Je me lance. C’est précisément la seule chose à faire quand on a peur d’y aller ou qu’on ne sait pas vraiment comment, justement, se lancer. Une fois qu’on est lancé l’effet d’entrainement s’alliera à la force d’inertie et plus rien ne pourra nous arrêter. C’est lancé, il ne restera plus qu’à se laisser porter.
Se lancer dans la nature à poil, tout nu comme un ver, ce n’est tout de même pas la même chose que de se lancer bien préparé. Ce qui en revanche ne changera pas, ce sont les aléas qui ne manqueront pas de surgir au fil du tracé de la trajectoire. Ou à l’arrivée. Tu te souviens de la fameuse phrase ? L’important, c’est pas la chute, c’est l’atterrissage. D’autant moins difficile qu’on ne se lance pas de trop haut. Ou qu’on se lance le mieux préparé possible. Sans oublier son parachute pour amortir l’atterrissage. Mais à quoi peut bien servir un parachute si je me lance du premier étage ? Mauvaise préparation. La chute sera bien douloureuse et même peut-être fatale. Ainsi donc, plus je me lance d’une distance éloignée de mon point de chute, plus j’ai besoin de réfléchir à chaque dimension de ma préparation. Et à sa complexité technique.
Admettons que je me lance à sauter, chaussé de baskets, du rebord du trottoir vers la chaussée. Il me suffit de vérifier qu’aucun véhicule n’y passera au moment où mes pieds bien équipés heurteront le macadam. Si je suis pieds nus, je dois y ajouter la vérification de l’état du sol. Un tout petit caillou pointu aurait alors le pouvoir de changer mes semaines à venir en cauchemar surinfecté, me faisant claudiquer disgracieusement.
Si je me lance d’un avion, dans ce contexte, le parachute est obligatoire et la vérification du terrain qui accueillera mon atterrissage encore impérative. Se lancer au-dessus d’un champ de taureaux auvergnat ou au-dessus d’un volcan islandais n’est certainement pas la même sensation que de se lancer au-dessus de la Grande Anse des Salines ou de l’immensité poudreuse canadienne. Avant de se lancer donc, toujours penser à l’atterrissage.
Mais plutôt que de me lancer, pourquoi ne pas lancer mon pire ennemi dans le ring ? Dans cette version, tout dépend du ring. Ring conceptuel dans lequel je lancerai cet ennemi juré affublé de son beau costume trois pièces, sa cravate rouge Ferrari et sa dentition refaite à neuf. Ainsi paré de ses plus beaux atours, ce lancé pourrait bien finir en feu d’artifice pour lui et en crash de carrière pour moi. Encore un sujet d’atterrissage.
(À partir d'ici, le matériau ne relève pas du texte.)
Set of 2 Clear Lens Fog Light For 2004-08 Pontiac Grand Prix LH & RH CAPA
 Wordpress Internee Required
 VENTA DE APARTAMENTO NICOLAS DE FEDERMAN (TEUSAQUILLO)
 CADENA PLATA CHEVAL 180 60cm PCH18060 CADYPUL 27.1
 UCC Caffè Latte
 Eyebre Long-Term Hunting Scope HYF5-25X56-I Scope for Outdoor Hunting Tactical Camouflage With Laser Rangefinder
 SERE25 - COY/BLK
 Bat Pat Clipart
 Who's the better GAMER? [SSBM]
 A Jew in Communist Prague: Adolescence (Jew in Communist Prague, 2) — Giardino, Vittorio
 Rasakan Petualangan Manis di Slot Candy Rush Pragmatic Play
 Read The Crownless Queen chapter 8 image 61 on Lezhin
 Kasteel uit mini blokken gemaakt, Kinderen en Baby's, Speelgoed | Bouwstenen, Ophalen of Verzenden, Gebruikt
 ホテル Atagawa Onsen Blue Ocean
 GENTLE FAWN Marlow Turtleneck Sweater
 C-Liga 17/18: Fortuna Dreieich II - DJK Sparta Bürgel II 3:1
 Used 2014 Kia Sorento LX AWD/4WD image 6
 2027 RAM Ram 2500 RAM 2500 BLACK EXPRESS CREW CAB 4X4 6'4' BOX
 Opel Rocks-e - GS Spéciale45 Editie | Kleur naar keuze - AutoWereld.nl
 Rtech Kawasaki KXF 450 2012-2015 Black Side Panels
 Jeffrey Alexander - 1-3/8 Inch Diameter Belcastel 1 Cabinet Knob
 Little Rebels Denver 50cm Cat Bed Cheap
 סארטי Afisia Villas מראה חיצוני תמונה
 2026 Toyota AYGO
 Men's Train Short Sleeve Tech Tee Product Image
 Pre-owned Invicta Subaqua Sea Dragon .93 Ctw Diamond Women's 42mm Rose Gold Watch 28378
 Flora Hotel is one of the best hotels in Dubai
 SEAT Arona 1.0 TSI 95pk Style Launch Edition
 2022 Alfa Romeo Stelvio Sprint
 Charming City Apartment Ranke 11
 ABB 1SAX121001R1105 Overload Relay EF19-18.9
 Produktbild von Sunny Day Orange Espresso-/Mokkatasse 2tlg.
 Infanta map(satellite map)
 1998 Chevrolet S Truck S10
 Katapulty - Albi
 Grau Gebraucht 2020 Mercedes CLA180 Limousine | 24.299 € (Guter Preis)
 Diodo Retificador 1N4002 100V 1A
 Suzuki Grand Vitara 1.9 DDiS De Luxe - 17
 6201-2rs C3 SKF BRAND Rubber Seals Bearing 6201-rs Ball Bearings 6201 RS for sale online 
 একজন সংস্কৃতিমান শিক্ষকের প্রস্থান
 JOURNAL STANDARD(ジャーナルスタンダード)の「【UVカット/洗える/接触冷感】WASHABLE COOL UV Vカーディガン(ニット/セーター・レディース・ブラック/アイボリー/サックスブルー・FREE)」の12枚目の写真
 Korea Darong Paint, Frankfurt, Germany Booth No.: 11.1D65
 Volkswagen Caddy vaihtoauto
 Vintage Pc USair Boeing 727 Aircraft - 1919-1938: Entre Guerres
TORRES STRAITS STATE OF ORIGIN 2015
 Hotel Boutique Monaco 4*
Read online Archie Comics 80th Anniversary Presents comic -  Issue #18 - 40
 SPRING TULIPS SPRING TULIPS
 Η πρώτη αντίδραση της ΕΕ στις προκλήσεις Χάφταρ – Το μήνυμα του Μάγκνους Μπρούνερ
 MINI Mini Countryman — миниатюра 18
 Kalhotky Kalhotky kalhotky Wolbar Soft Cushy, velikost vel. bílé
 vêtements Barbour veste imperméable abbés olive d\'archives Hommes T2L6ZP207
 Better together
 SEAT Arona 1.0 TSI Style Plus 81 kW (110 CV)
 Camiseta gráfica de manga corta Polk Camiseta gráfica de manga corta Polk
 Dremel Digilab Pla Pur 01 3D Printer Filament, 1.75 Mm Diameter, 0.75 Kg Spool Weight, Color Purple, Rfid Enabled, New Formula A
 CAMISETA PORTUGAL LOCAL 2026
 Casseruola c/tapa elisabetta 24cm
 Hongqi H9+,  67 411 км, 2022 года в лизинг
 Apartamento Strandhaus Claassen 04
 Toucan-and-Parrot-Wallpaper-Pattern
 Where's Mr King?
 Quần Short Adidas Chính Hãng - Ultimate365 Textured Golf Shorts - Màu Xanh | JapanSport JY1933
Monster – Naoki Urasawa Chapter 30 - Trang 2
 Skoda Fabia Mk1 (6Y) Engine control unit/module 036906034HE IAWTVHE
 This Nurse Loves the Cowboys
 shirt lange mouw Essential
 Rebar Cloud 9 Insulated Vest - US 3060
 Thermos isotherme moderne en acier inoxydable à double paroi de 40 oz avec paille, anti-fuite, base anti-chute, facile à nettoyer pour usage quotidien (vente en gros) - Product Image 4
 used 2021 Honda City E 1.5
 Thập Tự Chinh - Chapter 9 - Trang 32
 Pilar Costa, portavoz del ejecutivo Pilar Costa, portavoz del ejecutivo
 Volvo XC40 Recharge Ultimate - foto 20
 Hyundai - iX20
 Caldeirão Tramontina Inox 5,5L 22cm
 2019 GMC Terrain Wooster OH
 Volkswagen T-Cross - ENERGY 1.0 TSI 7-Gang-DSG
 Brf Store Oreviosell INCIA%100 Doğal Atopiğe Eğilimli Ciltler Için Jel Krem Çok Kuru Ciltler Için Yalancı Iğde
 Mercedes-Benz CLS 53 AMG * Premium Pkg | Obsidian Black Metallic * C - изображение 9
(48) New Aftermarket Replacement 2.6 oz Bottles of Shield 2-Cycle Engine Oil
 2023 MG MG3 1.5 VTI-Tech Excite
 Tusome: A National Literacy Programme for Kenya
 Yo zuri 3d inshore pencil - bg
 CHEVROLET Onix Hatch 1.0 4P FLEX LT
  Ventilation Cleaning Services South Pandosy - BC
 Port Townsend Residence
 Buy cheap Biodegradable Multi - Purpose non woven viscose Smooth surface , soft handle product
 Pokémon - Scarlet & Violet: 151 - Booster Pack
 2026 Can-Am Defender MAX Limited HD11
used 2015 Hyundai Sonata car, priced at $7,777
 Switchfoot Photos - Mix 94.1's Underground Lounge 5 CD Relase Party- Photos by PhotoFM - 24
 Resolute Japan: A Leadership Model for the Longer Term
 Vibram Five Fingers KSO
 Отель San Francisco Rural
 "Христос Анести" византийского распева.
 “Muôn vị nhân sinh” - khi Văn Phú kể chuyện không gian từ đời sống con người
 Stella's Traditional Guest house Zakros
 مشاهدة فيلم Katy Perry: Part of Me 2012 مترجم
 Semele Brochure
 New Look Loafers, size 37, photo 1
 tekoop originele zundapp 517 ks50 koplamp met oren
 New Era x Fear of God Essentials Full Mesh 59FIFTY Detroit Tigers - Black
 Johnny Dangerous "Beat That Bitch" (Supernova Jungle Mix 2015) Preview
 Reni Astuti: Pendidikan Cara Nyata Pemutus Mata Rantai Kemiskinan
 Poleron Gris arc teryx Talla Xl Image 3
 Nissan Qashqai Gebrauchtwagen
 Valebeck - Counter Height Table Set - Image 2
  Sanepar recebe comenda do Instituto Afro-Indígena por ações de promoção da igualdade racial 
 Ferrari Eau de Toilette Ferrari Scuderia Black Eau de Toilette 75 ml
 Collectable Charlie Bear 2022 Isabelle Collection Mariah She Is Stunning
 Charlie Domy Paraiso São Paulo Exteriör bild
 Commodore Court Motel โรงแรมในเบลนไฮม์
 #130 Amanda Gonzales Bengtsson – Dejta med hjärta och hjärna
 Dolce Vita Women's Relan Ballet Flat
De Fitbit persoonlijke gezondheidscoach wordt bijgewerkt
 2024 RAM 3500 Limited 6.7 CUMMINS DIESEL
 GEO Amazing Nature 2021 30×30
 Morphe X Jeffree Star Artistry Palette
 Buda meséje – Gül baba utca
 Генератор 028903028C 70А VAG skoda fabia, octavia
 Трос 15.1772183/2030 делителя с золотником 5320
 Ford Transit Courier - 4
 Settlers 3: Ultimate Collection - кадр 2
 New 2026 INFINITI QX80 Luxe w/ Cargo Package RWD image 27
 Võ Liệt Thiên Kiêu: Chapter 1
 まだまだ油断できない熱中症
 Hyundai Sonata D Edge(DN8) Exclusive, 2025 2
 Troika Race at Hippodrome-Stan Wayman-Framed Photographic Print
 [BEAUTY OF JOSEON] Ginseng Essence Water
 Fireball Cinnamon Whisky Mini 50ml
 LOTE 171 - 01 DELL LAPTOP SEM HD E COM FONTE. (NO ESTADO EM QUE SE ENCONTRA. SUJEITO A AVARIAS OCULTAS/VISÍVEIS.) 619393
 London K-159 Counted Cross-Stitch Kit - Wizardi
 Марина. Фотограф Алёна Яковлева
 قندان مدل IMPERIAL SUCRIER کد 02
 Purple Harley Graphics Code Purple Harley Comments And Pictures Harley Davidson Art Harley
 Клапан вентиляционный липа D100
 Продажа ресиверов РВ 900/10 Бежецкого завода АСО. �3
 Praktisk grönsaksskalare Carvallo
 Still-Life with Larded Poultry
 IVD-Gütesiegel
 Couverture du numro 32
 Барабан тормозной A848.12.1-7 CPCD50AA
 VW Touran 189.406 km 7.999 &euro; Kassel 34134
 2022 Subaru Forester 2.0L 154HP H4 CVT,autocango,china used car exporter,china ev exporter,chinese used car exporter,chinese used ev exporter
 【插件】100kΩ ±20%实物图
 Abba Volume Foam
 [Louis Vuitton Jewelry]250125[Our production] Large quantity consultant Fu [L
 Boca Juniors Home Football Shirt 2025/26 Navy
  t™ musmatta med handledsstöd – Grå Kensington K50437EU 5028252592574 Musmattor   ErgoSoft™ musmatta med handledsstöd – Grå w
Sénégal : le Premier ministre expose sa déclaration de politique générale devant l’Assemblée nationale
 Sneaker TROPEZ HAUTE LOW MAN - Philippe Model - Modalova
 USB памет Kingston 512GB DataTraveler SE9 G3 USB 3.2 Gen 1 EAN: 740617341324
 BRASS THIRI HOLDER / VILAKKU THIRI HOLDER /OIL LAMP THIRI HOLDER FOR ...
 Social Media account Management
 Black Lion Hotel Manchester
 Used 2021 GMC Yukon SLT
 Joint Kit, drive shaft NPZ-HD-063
Et si le ring était un vrai ring, avec des gants de boxe et de vraies cordes ? Lancer mon adversaire dans l’enceinte nécessite que j’anticipe un peu mon geste en commençant par prendre un abonnement à la salle de musculation la plus proche pour parfaire mon beachbody. Un lancé d’adversaire dans l’arène, vous vous rendez compte ? Il s’agirait pour commencer de le mettre KO pour le ceinturer, puis de le soulever et enfin de le projeter suffisamment haut et loin pour qu’il passe, sans le toucher, au-dessus du public en délire, dépasse le cordage et s’écrase au milieu de l’enceinte réglementaire. Beau lancé diraient les plus connaisseurs. Mais cessons de rêver, tout ceci me parait bien compliqué.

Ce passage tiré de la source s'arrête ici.